**Activity:**
Output the lines from the top of the entries below to the line with "Masajeador de lactancia", both included, exactly and without pictures.

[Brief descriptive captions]
+++

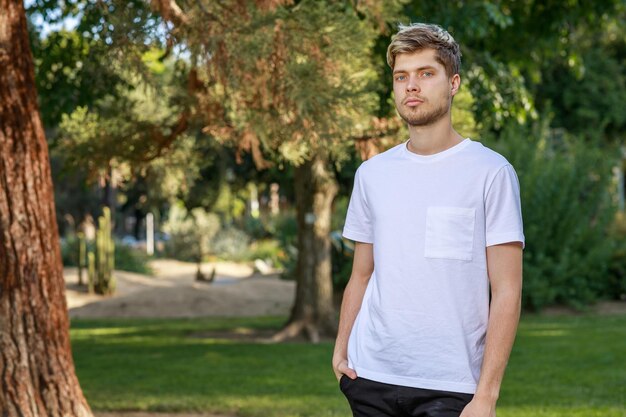 Hombre guapo de pie en el parque y mirando a la cámara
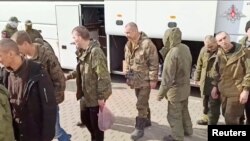 A still image, released by Russia's Defence Ministry, shows what it said to be captured Russian service personnel boarding a bus following an exchange of prisoners of war at an unknown location, in this image taken from footage released April 10, 2023.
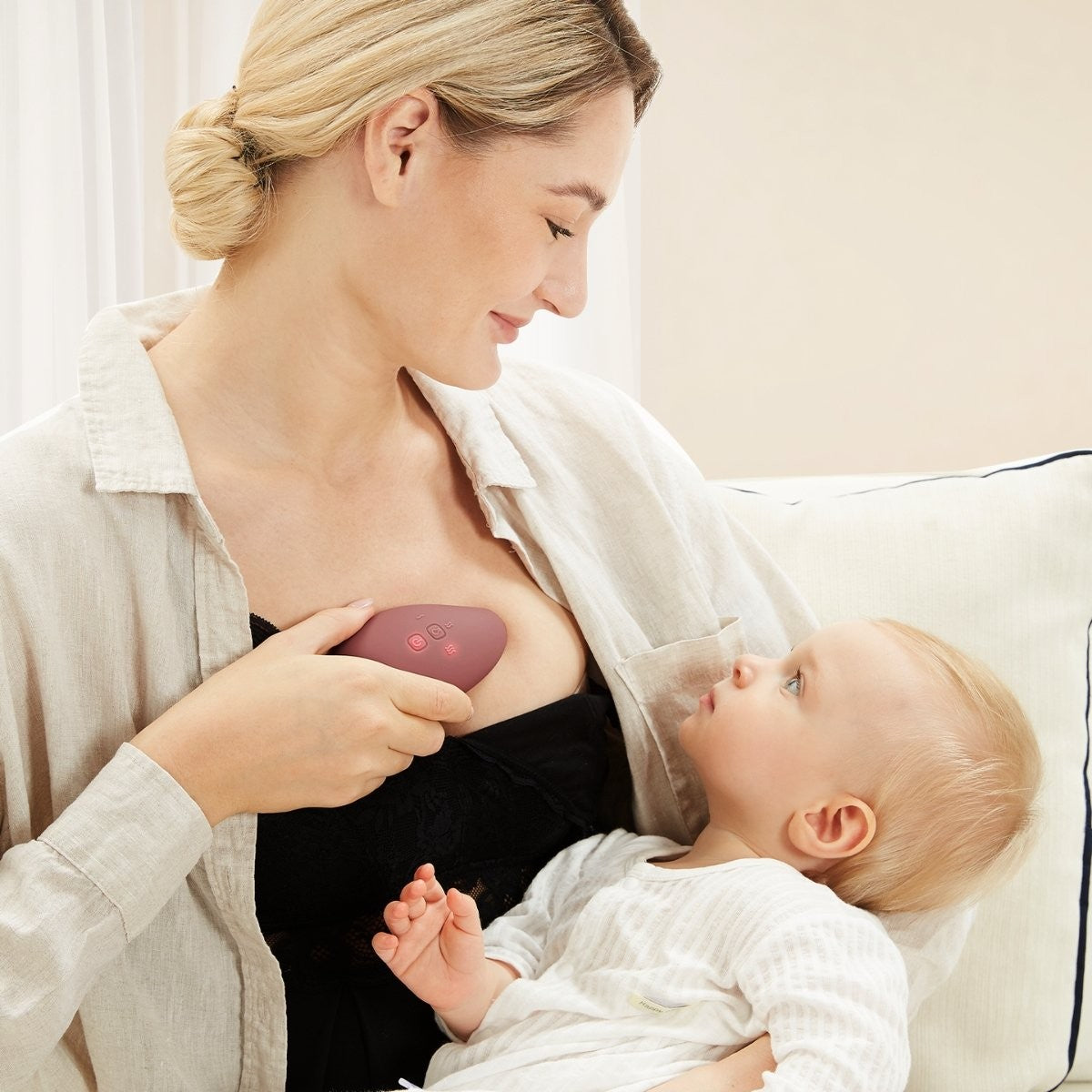 Masajeador de lactancia Momcozy calor+vibración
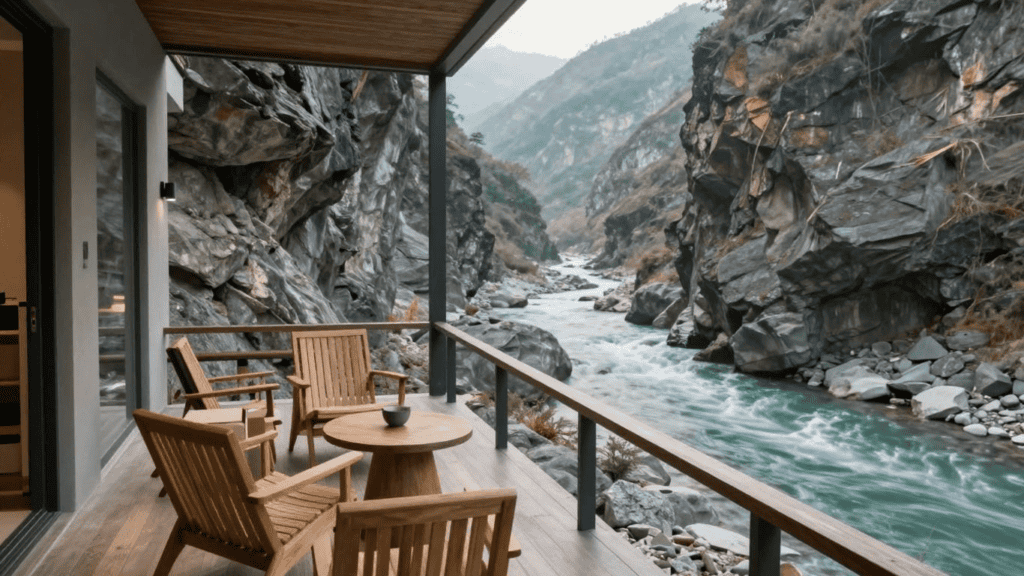 Wooden balcony seating with four chairs and a round table overlooking a rocky river gorge.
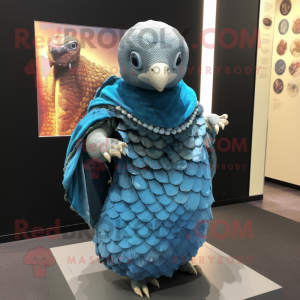 Blue Pangolin mascot costume character dressed with a Wrap Skirt and Shawls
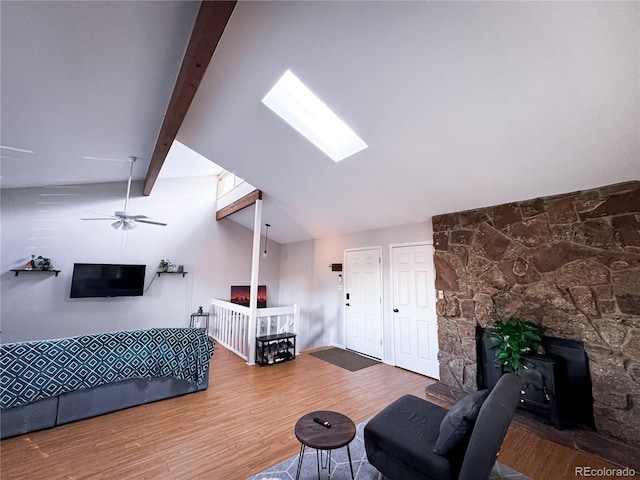 living area featuring a wood stove, lofted ceiling with skylight, wood finished floors, and a ceiling fan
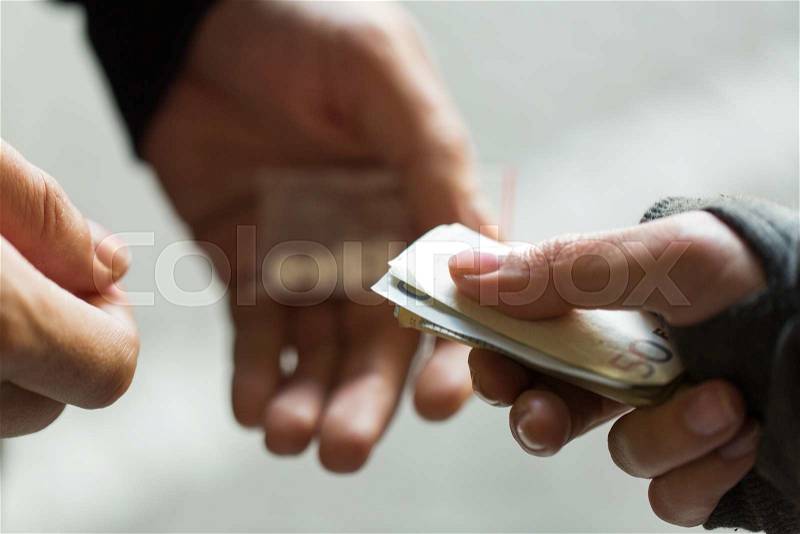 Drug trafficking, crime, addiction and sale concept - close up of addict with money buying dose from dealer on street, stock photo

+++

**The completed task:**
 Hombre guapo de pie en el parque y mirando a la cámara
 A still image, released by Russia's Defence Ministry, shows what it said to be captured Russian service personnel boarding a bus following an exchange of prisoners of war at an unknown location, in this image taken from footage released April 10, 2023.
 Masajeador de lactancia Momcozy calor+vibración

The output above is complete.